Exercise prompt: Keep the pictures out and restate every record exactly.

Crawled caption data

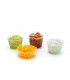 PETIT POT PLA 30ML UTILISATION A FROID COMPOSTABLE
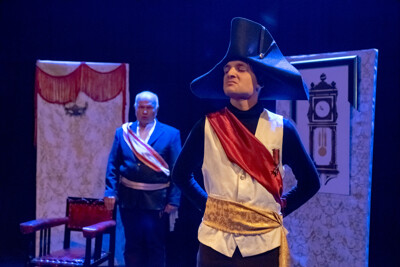 Radeckého pochod životem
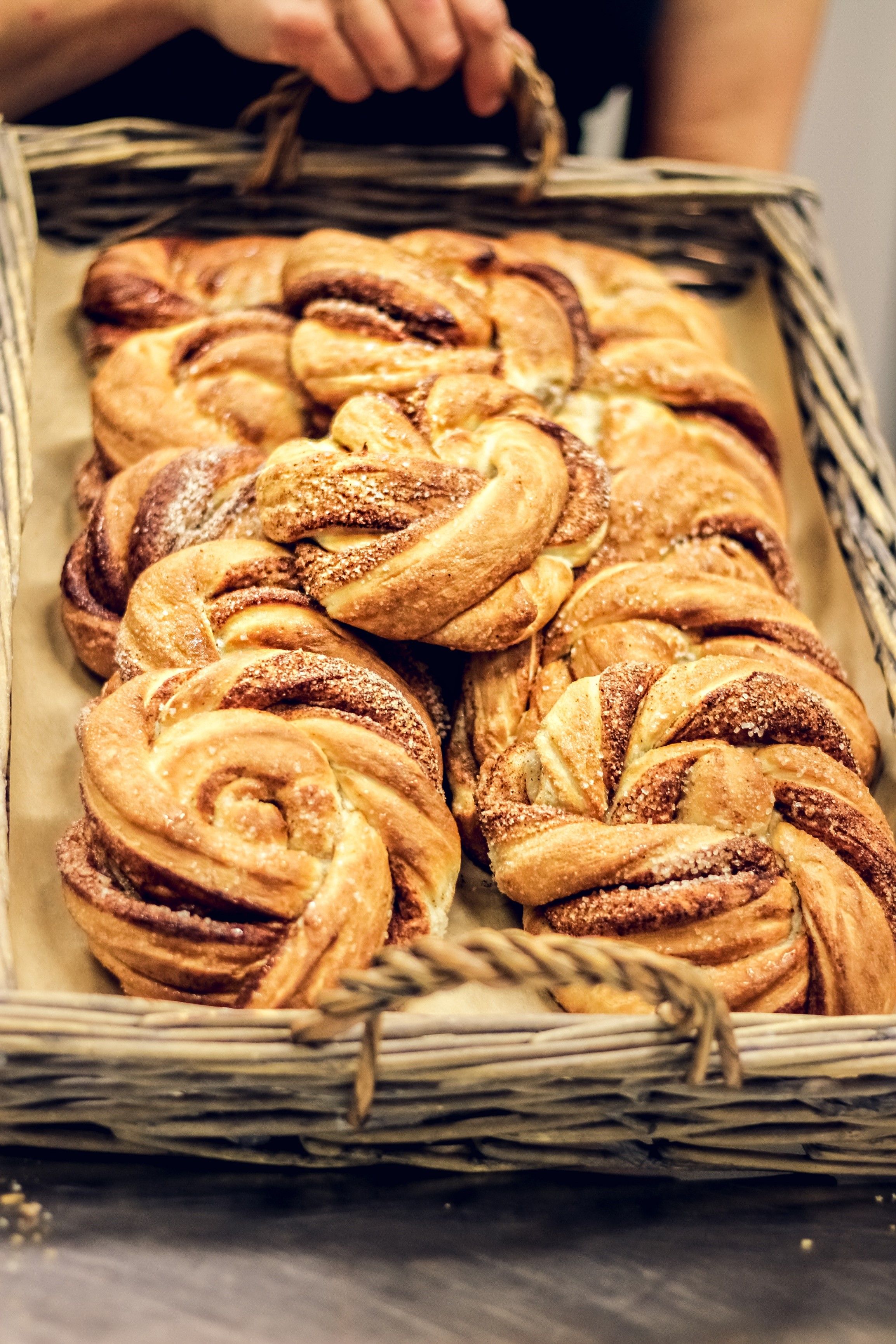 pastry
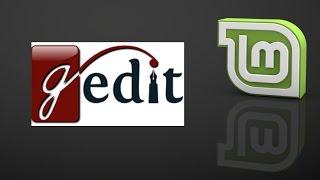 Install Gedit Text Editor in Linux Mint 18 ( Ubuntu 16.04)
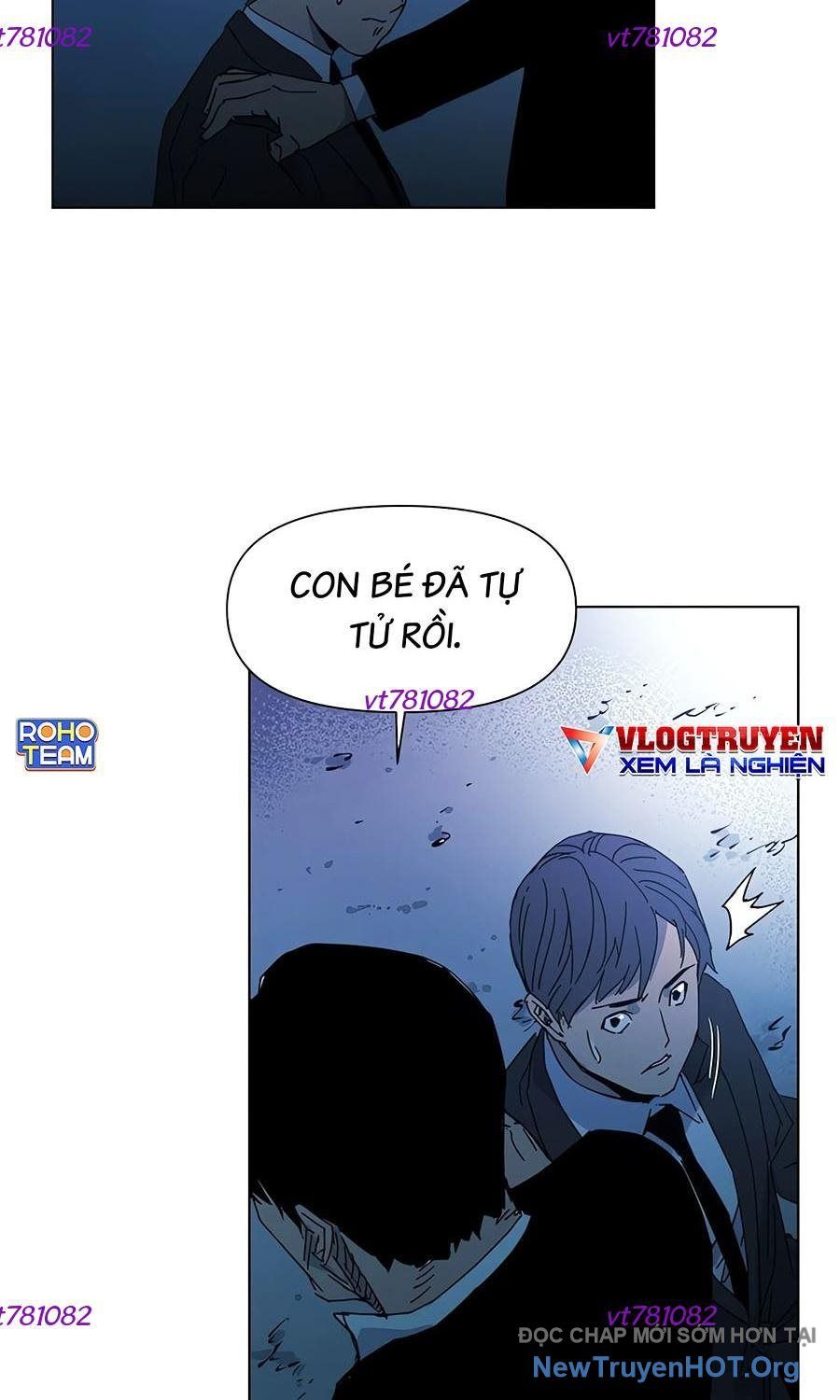 Người Dọn Dẹp K Chapter 18 - 21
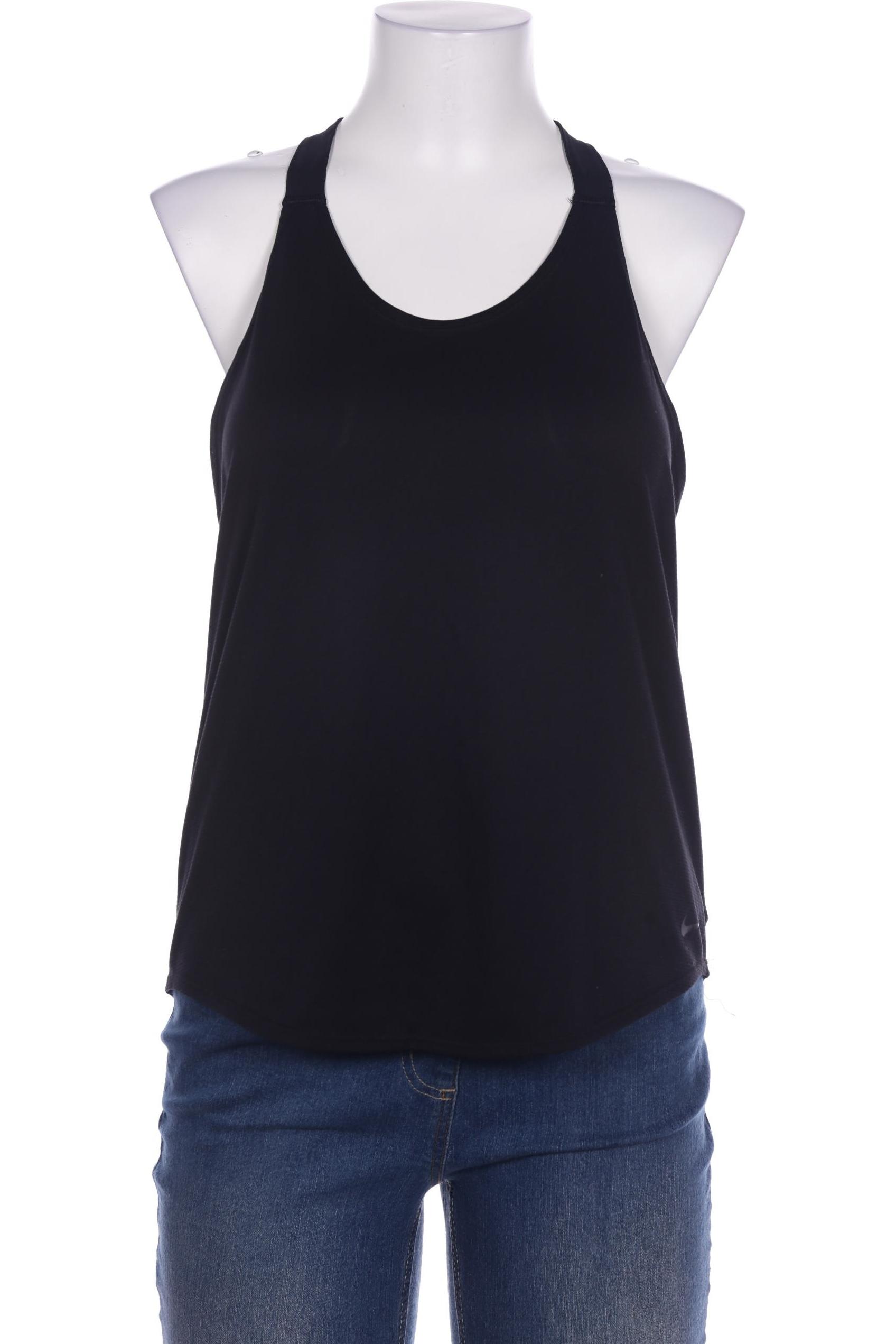

Nike Damen Top, schwarz, Gr. 38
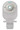 Filtered Ostomy Pouch SenSura Mio Convex One-Piece System 11 Inch Length Maxi 5/8 to 1-5/16 Inch Stoma Drainable Soft Convex Trim to Fit 16705 Box/10 COLOPLAST INCORPORATED 1006193_BX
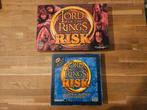 Lord of the Rings Risk + Gondor & Mordor uitbreiding, Hobby en Vrije tijd, Gezelschapsspellen | Bordspellen, Ophalen of Verzenden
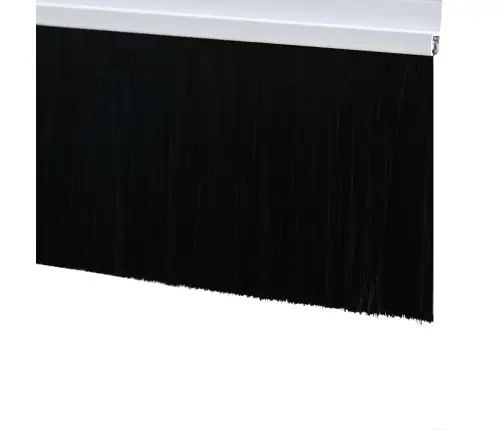 Savarankiškai Klijuojami Durų Šepetėlių Sandarikliai 12 Pcs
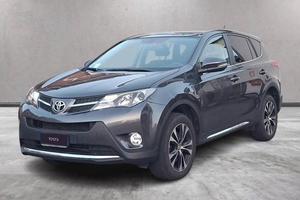 Toyota RAV4 2.0 d-4d Style 2wd 124cv mt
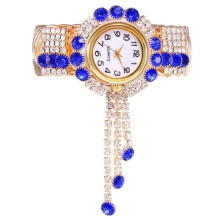 Top Brand Luxury Rhinestone Bracelet Watch Women Watches Ladies Wristwatch Relogio Feminino Reloj Mujer Montre Femme Clock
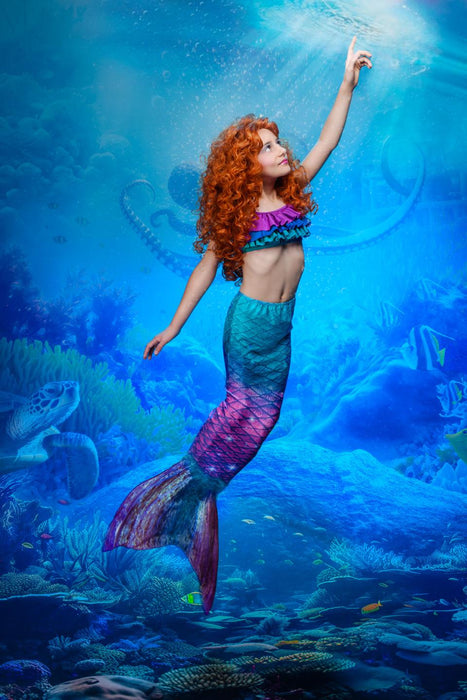 Enchanted Princess Atlantica Sweep (WM)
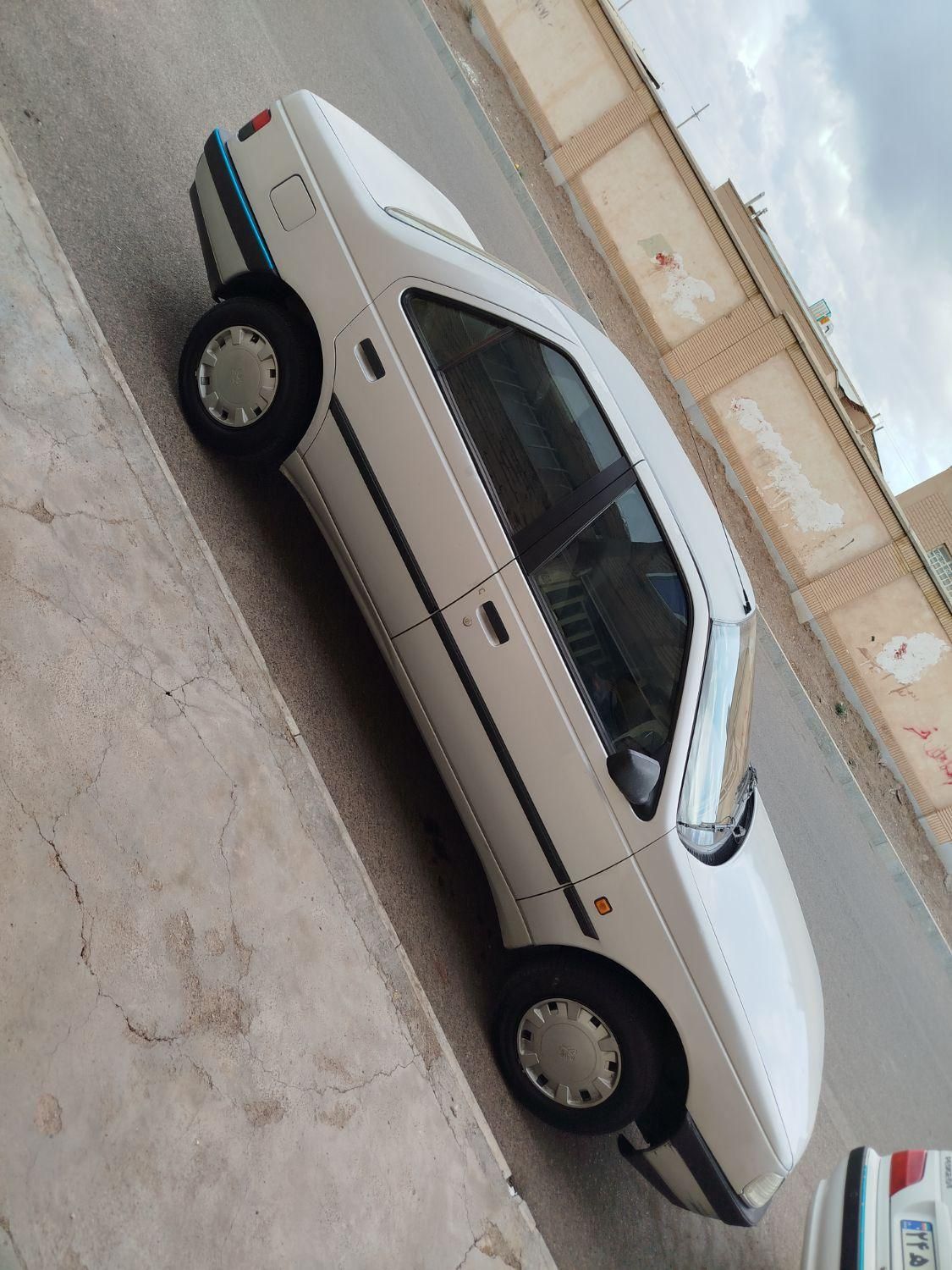 پژو 405 GLX - دوگانه سوز - 1391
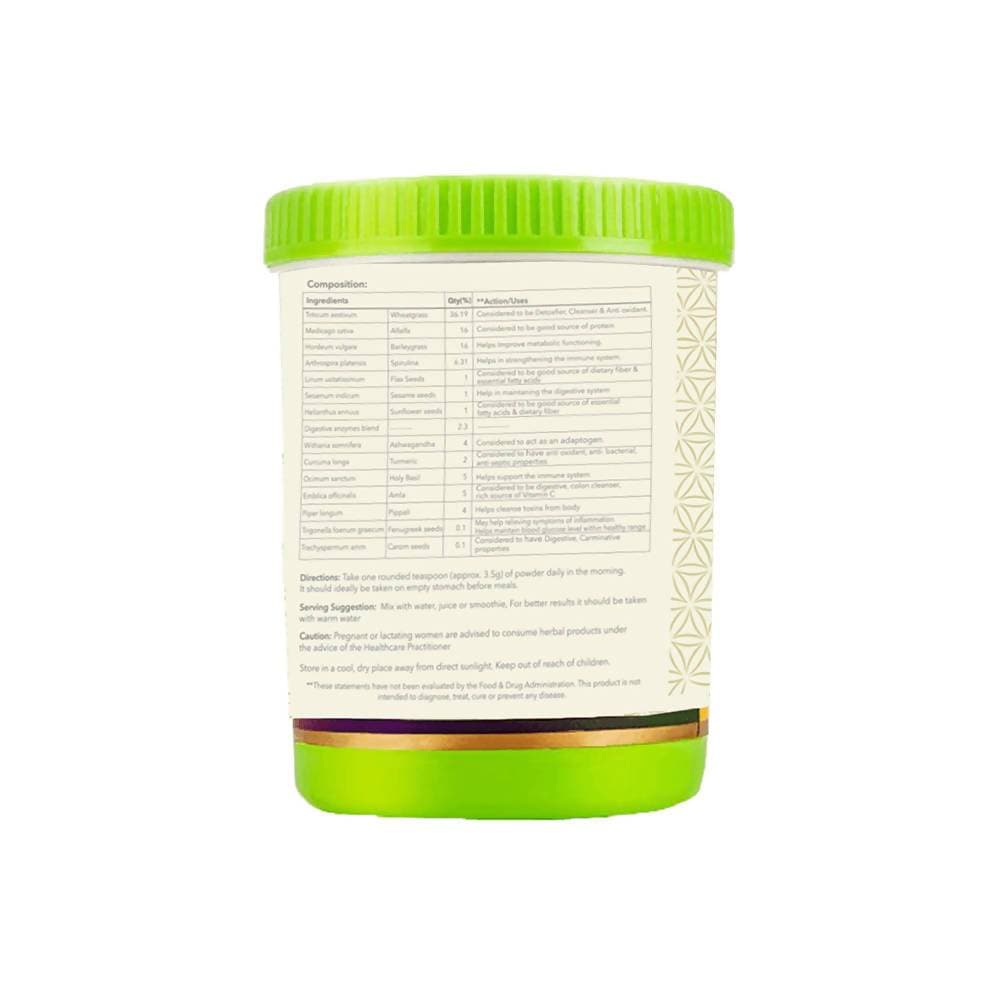 Biogetica Pranavita Green - Distacart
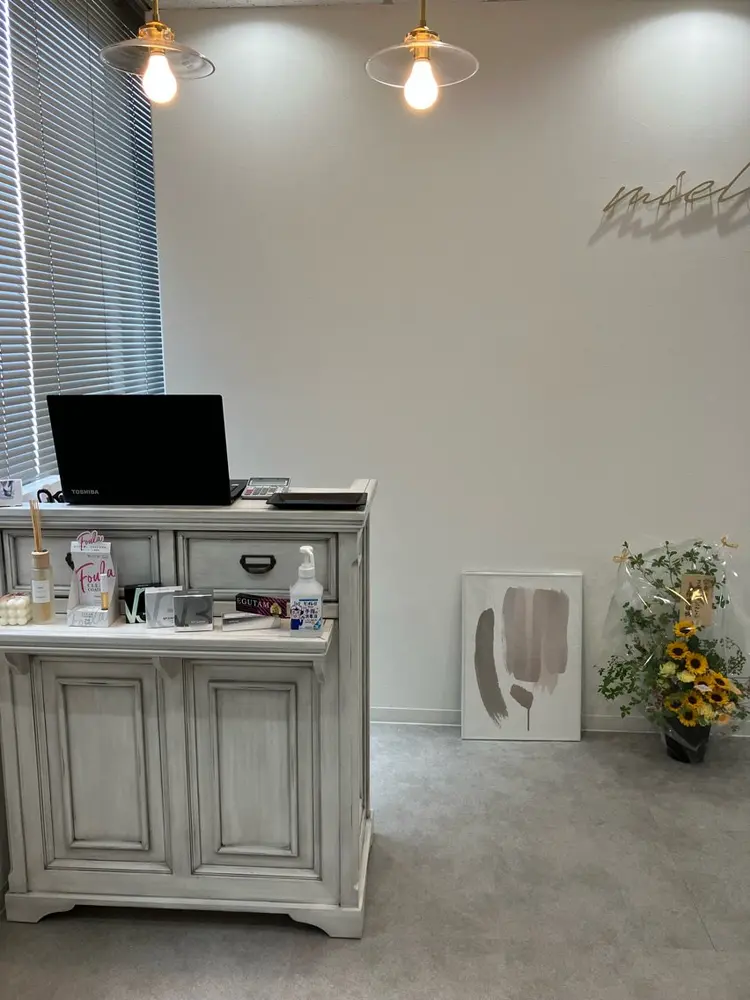 ミエル富山店の内観・外観1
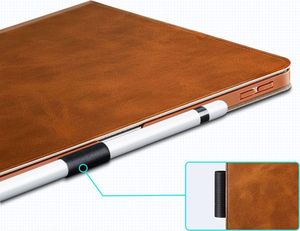 Etui na tablet ESR Esr Simplicity Pencil Ipad Pro 11 2018 Brown 4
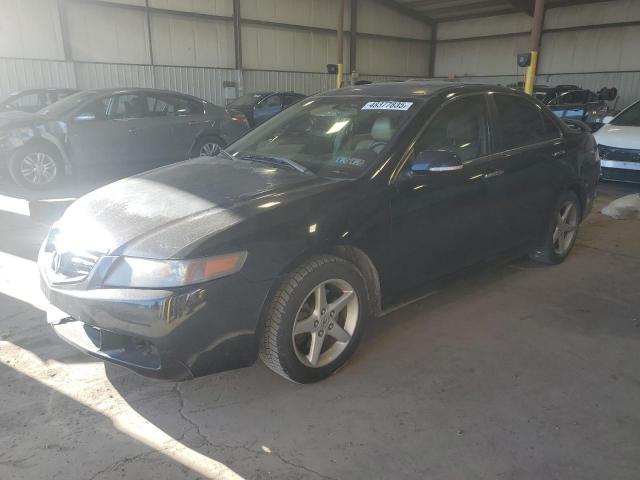  Salvage Acura TSX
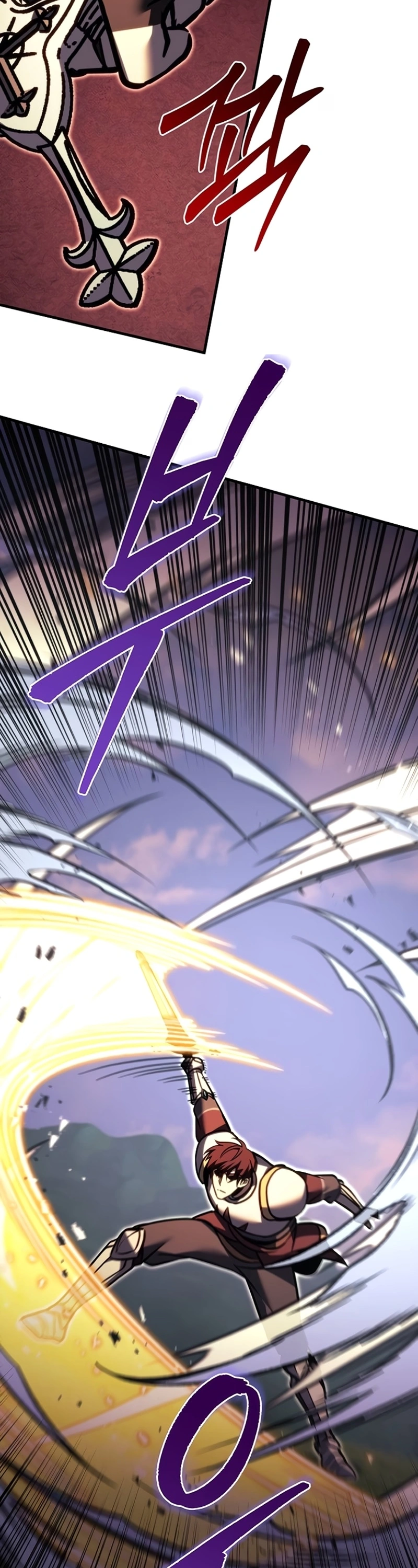 Read O Regressor da Família Caída (PT-BR) PT Manga Online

Task result:
 PETIT POT PLA 30ML UTILISATION A FROID COMPOSTABLE
 Radeckého pochod životem
 pastry
 Install Gedit Text Editor in Linux Mint 18 ( Ubuntu 16.04)
 Người Dọn Dẹp K Chapter 18 - 21

Nike Damen Top, schwarz, Gr. 38
 Filtered Ostomy Pouch SenSura Mio Convex One-Piece System 11 Inch Length Maxi 5/8 to 1-5/16 Inch Stoma Drainable Soft Convex Trim to Fit 16705 Box/10 COLOPLAST INCORPORATED 1006193_BX
 Lord of the Rings Risk + Gondor & Mordor uitbreiding, Hobby en Vrije tijd, Gezelschapsspellen | Bordspellen, Ophalen of Verzenden
 Savarankiškai Klijuojami Durų Šepetėlių Sandarikliai 12 Pcs
 Toyota RAV4 2.0 d-4d Style 2wd 124cv mt
 Top Brand Luxury Rhinestone Bracelet Watch Women Watches Ladies Wristwatch Relogio Feminino Reloj Mujer Montre Femme Clock
 Enchanted Princess Atlantica Sweep (WM)
 پژو 405 GLX - دوگانه سوز - 1391
 Biogetica Pranavita Green - Distacart
 ミエル富山店の内観・外観1
 Etui na tablet ESR Esr Simplicity Pencil Ipad Pro 11 2018 Brown 4
  Salvage Acura TSX
 Read O Regressor da Família Caída (PT-BR) PT Manga Online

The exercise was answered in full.